Depressive symptoms will be measured with the Japanese version of the Patient Health Questionnaire-9 [36]. Participants rate the frequency of depressive symptoms experienced over the previous 2 weeks on a 0 (“Not at all”) to 3 (“Almost every day”) rating scale. Item responses are totaled with higher scores indicating greater depressive symptom severity. The Japanese version of the Patient Health Questionnaire-9 has been found to be in accordance with neuropsychiatric interviews [36] and suitable for screening and monitoring symptoms in primary care populations [37].
General anxiety symptoms will be measured with the Japanese version of the Generalized Anxiety Disorders Scale [38]. On 7 items, participants rated the frequency of anxiety symptoms from 0 (“Not at all”) to 3 (“Every Day”). Item responses are totaled, so that higher scores indicate higher frequency of anxious symptoms. The Japanese Language scale has been validated in clinical and nonclinical samples [38].
Social anxiety symptoms will be measured with the Japanese version of the Liebowitz Social Anxiety Scale [39]. This is a 24-item scale on which participants rate their fear of social situations from 0 (“None”) to 3 (“Severe”), and how frequently they avoid those situations from 0 (“Never, 0% of the time”) to 3 (“Usually, 67%‐100% of the time). All item responses are summed, with higher scores indicating greater social anxiety. The Japanese version of the scale has been repeatedly investigated and validated in both clinical and nonclinical groups [3940].
Fear of offending others will be measured with the Taijin Kyofusho Scale [41]. This scale is designed to capture a culturally specific form of social anxiety centered on the fear of offending others with one’s appearance or behavior. Participants rate their agreements with 31 statements from 1 (“Totally Disagree”) to 7 (“Totally Agree”). Item responses are totaled so higher scores indicate higher levels of social anxiety and fear of offending others. The scale has been validated in clinical and nonclinical populations [4142].

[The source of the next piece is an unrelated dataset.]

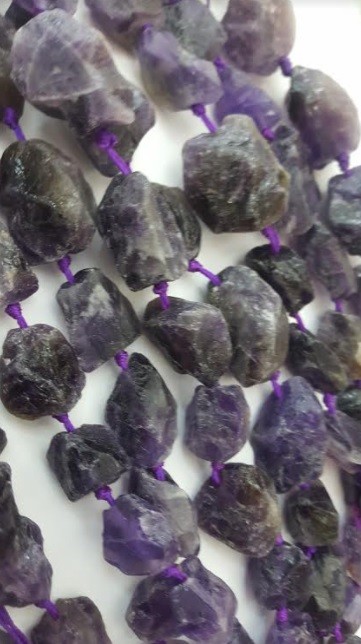 Amatista roca Irregular Oscura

Internet addiction will be measured with the Japanese version of the Internet Addiction Test. Participants rate the frequency of internet addiction symptoms on a 0 (“Not at all”) to 5 (“Always”) rating scale. Item responses are totaled so that higher scores indicate more problematic internet use. The scale has been validated in Japanese populations [43] and has been frequently used in research examining the behavior of hikikomori [8].
Autism traits will be measured with the Japanese version of the Autism Spectrum Quotient short form [44]. Participants rate their agreement with statements consistent with autistic traits from “Strongly Disagree” to “Strongly Agree.” Answers consistent with autistic traits, for example,“I find it difficult to understand people’s intentions” rated as “Agree,” are given a score of 1. Item responses are totaled, with higher scores indicating greater presence of autistic traits. The scale has been validated in clinical [44] and student samples [45].
Emotion regulation style will be measured with the Japanese version of the Emotion Regulation Questionnaire [46]. Participants rate their agreement with 10 statements about emotional regulation strategies (Suppression and Reappraisal) on a 1 (“Strongly Disagree”) to 7 (“Strongly Agree”) rating scale. Scores for each subscale are totaled, with greater scores indicating greater use of that strategy. The scale has been validated in Japanese samples and against measures of personality, well-being, and emotion experience [46].
EMA Measurements
Mood and emotional variability will be estimated from participant ratings on questions about their general mood (“Very negative” to “Very positive”) and how anxious, irritable, sad, and happy (“Not at all” to “Very”) they are at that moment on a 0 to 100 visual analog scale (VAS). Additionally, participants will be asked if they have been angry since the last beep and if so, how angry they were on a 0 to 100 VAS scale (“Not at all” to “Very”). From each mood item rating, we will calculate emotional variability as the within-person SD. Emotional stability will be calculated as the mean squared successive difference between scores. Emotional inertia will be calculated as the autocorrelation of moods across time.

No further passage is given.